The copy must hold every line from the one with "Mount Terrace YORK photo 7" through the end of the listing, word for word, and must hold no pictures.
** Opening EXERCISE DATA block **
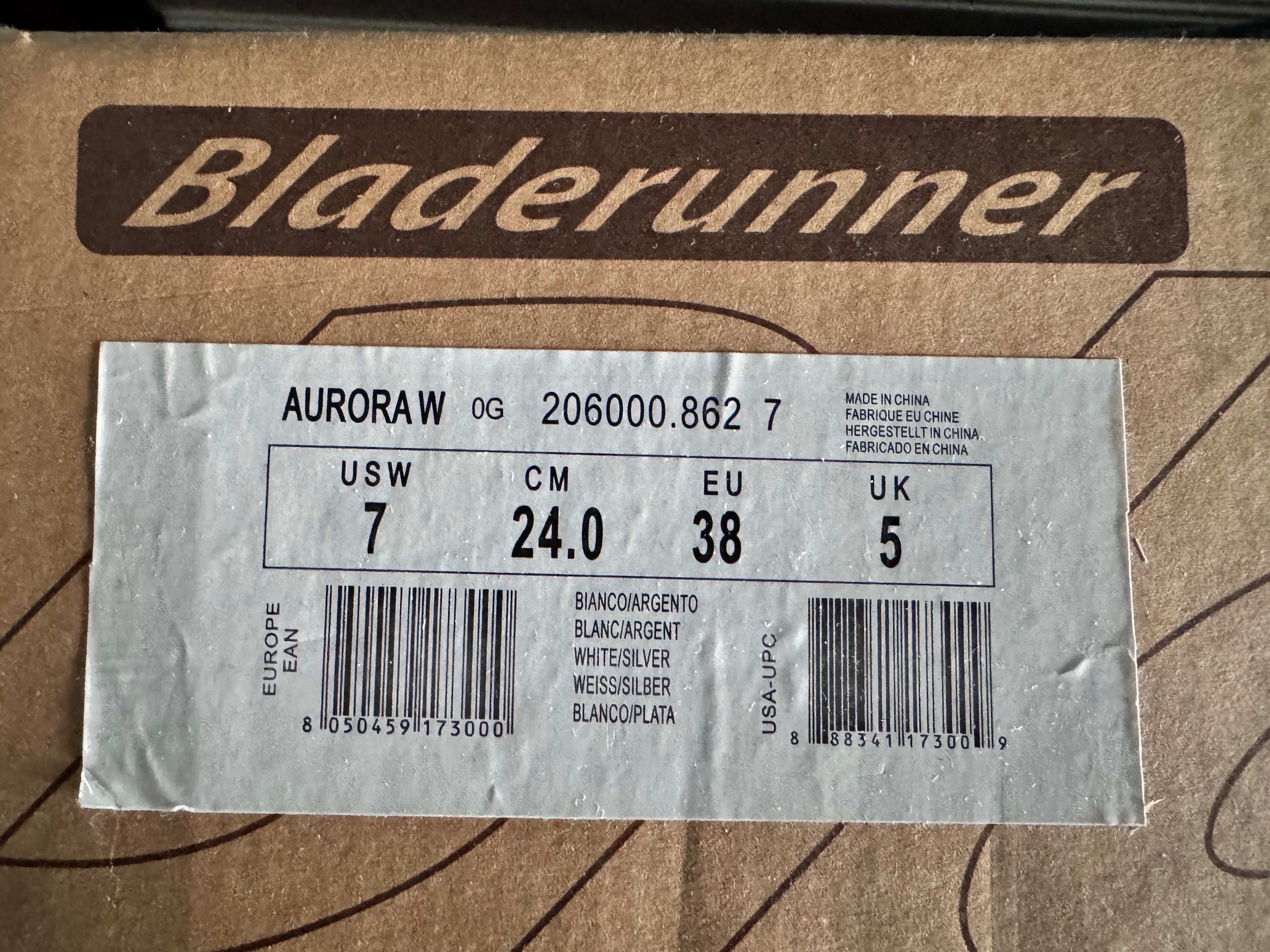 Figure Skates (Women's Size 7) - photo 3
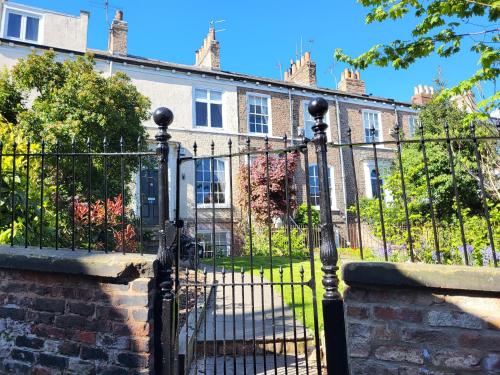 Mount Terrace YORK photo 7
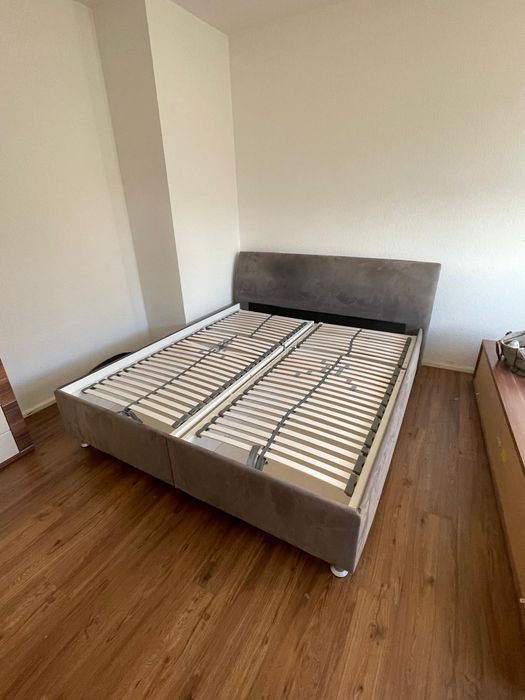 Łóżko szare tapicerowane + materace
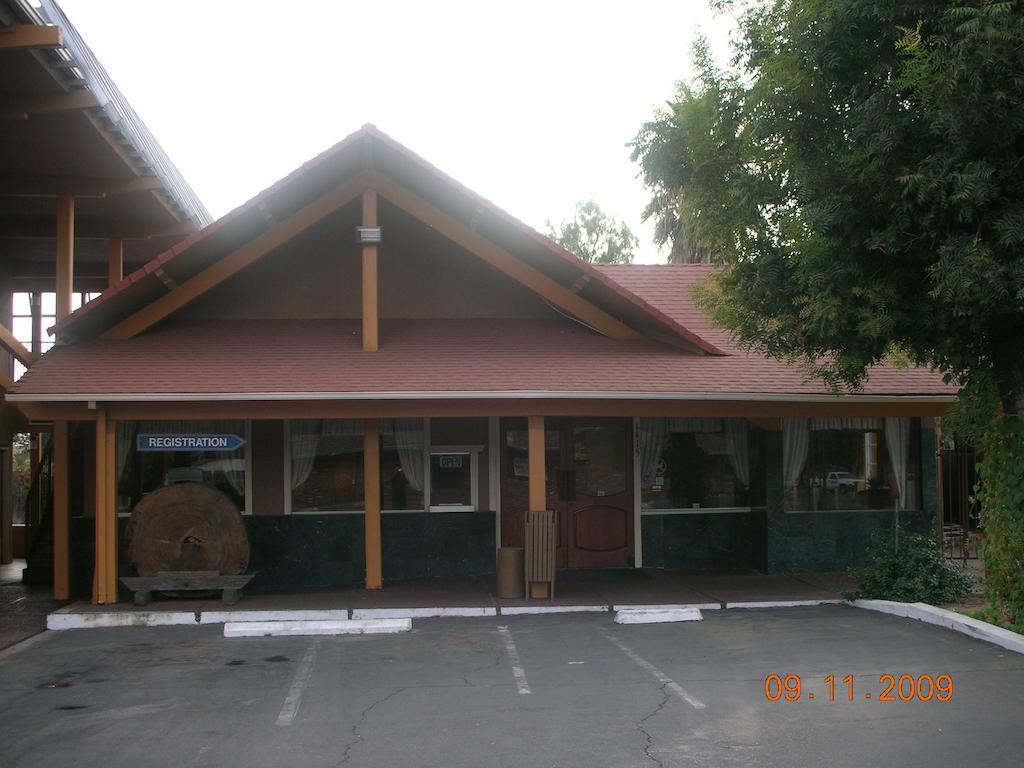 Parkside Inn Фресно Екстериор снимка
** Closing EXERCISE DATA block **
* YOUR RESPONSE *
 Mount Terrace YORK photo 7
 Łóżko szare tapicerowane + materace
 Parkside Inn Фресно Екстериор снимка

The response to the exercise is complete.